Late night TV replacement hosts were selected to avoid declines in audience ratings

Written by Dr. Hugh J. Martin Friday, 11 April 2014 22:30 PDF Print E-mail

Creating a network television schedule is similar to assembling a portfolio of financial investments, according to a useful paper by the late Barry R. Litman and Seema Shrikhande and Hoekyun Ann. Like investors who try to balance financial returns from different investments, network programmers try to balance the audience size for different programs.

The goal is to build an audience that attracts local and national advertisers throughout an entire evening of television programs.

Network programmers assemble a portfolio of programs that is designed to minimize risk, the study concludes. Risk can be measured by the variation in audience size from one program to the next.

Efforts to minimize risk are particularly apparent when new programs are created. Programmers try to select new programs that will attract audiences that are similar in size to the audiences for the network's existing programs, the study says.

This desire to avoid failure can be seen in the selection of replacements for late night hosts Jay Leno at NBC and David Letterman at CBS. Leno has been replaced by comedian Jimmy Fallon. Letterman, who will retire in 2015, will be replaced by comedian and satirist Stephen Colbert.
These replacements represent the continuation of a decades-long strategy featuring late-night hosts who are white, male, and offer a reliable mix of stand-up comedy and interviews. This strategy still draws a combined late-night audience for NBC and CBS of more than 6 million viewers.

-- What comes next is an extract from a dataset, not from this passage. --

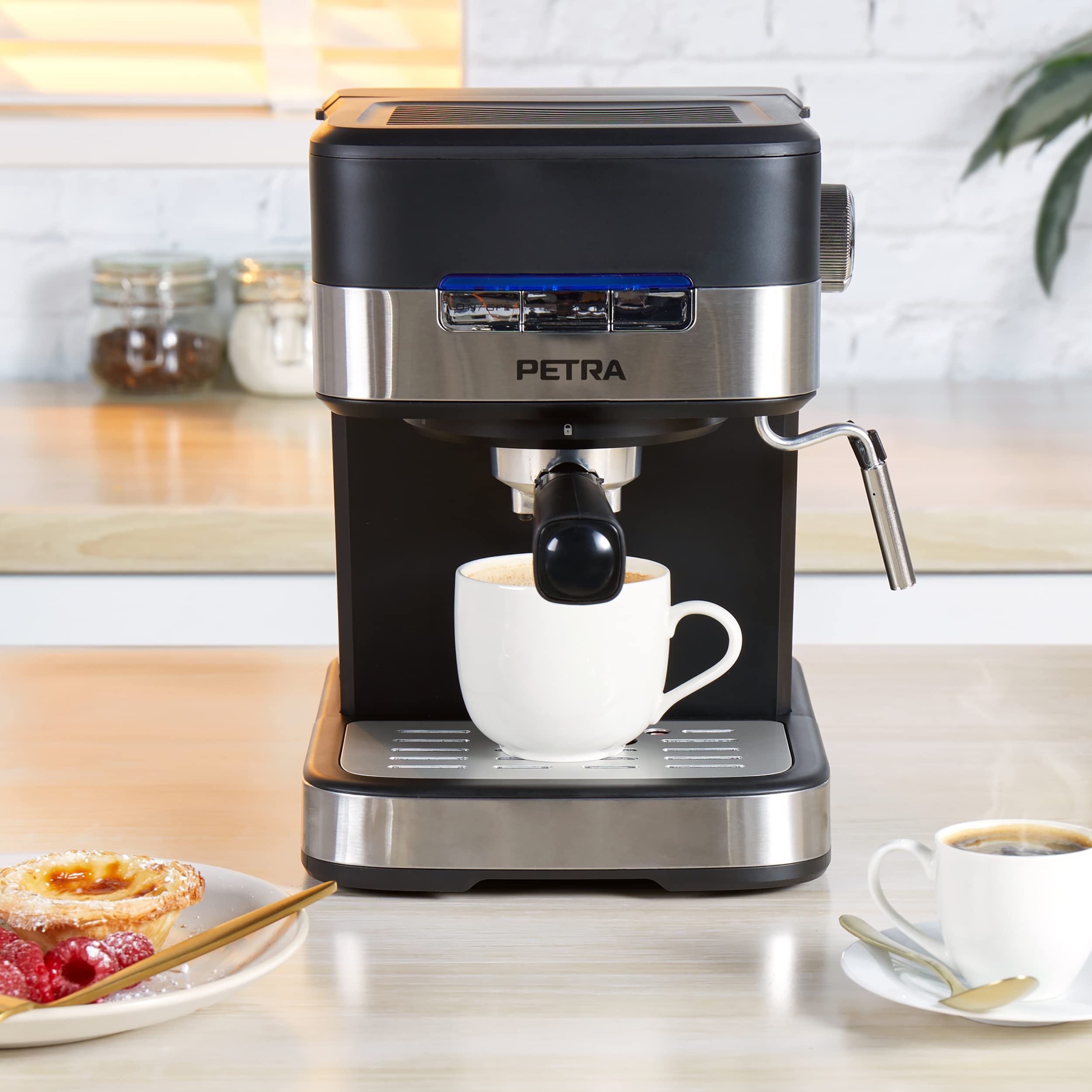 Petra PT4623VDEEU7 Professional Espresso Coffee Machine - Electric Coffee Maker for 1-2 Cups, Cappuccino & Latte - 15 Bar Pump, BPA-Free, Compatible with Ground Coffee - 1.5L Water Tank, 850W - Perfect for Home & Office Use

It’s not surprising that neither network wants to experiment with a host who doesn’t fit the established conventions for the 11.30 p.m. timeslot. Programmers at both networks surely recall how audience ratings at NBC declined in 2010 when it briefly replaced Jay Leno with Conan O’Brien. Audiences for local television newscasts are influenced by the late night shows that follow those newscasts. So programmers must also try to avoid changes that could cause declines in the audience for local news, which is a critical source of advertising revenue at television stations throughout the U.S. Jimmy Kimmel and Stephen Colbert seem like safe choices that will help the networks avoid a loss of audience. Both replacements combine an appeal to younger audiences with a sensibility that seems unlikely to alienate older viewers. (Objections to Colbert made by politically conservative commentators will fade into irrelevance if, as expected, Colbert drops his persona as a political satirist when he arrives at CBS.) But I wonder how long these safe programming choices will continue to work for late night television. This has nothing to do with reaching audiences who would rather watch these programs on the Internet. Both replacement hosts and both networks are adept at producing material for the Internet. Meanwhile, the demographics of the country are rapidly and inevitably changing. States like California, where the combined minority population outnumbers the white population, represent the future. Will Fallon and Colbert have the same long-term audience appeal that their predecessors enjoyed?  Or will changing audience preferences undermine the safe choices made by network programmers?